Records contained in a dataset
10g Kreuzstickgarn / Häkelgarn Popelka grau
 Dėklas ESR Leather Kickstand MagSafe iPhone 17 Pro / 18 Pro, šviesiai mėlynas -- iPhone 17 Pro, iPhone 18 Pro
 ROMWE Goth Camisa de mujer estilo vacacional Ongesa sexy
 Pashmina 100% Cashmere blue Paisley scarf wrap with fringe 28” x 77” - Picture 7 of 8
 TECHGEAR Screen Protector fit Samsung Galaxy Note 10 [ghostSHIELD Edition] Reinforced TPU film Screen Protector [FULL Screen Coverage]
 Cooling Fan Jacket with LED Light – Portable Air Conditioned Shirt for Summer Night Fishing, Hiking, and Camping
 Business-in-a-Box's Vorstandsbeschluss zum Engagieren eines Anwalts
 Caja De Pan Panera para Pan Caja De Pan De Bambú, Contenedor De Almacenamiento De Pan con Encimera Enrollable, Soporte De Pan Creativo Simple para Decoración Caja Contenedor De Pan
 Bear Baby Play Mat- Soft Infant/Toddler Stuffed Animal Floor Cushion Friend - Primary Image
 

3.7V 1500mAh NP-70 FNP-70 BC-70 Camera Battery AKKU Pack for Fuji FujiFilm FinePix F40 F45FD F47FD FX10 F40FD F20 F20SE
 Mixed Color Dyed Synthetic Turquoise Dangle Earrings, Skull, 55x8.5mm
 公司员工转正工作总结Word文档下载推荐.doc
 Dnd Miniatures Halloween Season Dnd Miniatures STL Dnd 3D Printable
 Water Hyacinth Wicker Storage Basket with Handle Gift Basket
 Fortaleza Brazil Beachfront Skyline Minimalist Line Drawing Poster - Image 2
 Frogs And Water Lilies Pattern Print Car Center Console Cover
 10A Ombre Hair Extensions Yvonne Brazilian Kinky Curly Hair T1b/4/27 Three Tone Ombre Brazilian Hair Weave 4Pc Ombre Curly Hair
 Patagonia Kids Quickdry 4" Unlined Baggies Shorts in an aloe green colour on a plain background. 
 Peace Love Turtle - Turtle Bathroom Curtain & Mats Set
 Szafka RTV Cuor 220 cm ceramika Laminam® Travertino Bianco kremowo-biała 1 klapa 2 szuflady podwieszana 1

Your goal: Find the word "with" in the entries, then copy out every line that has it.

Exercise output:
 Pashmina 100% Cashmere blue Paisley scarf wrap with fringe 28” x 77” - Picture 7 of 8
 Cooling Fan Jacket with LED Light – Portable Air Conditioned Shirt for Summer Night Fishing, Hiking, and Camping
 Water Hyacinth Wicker Storage Basket with Handle Gift Basket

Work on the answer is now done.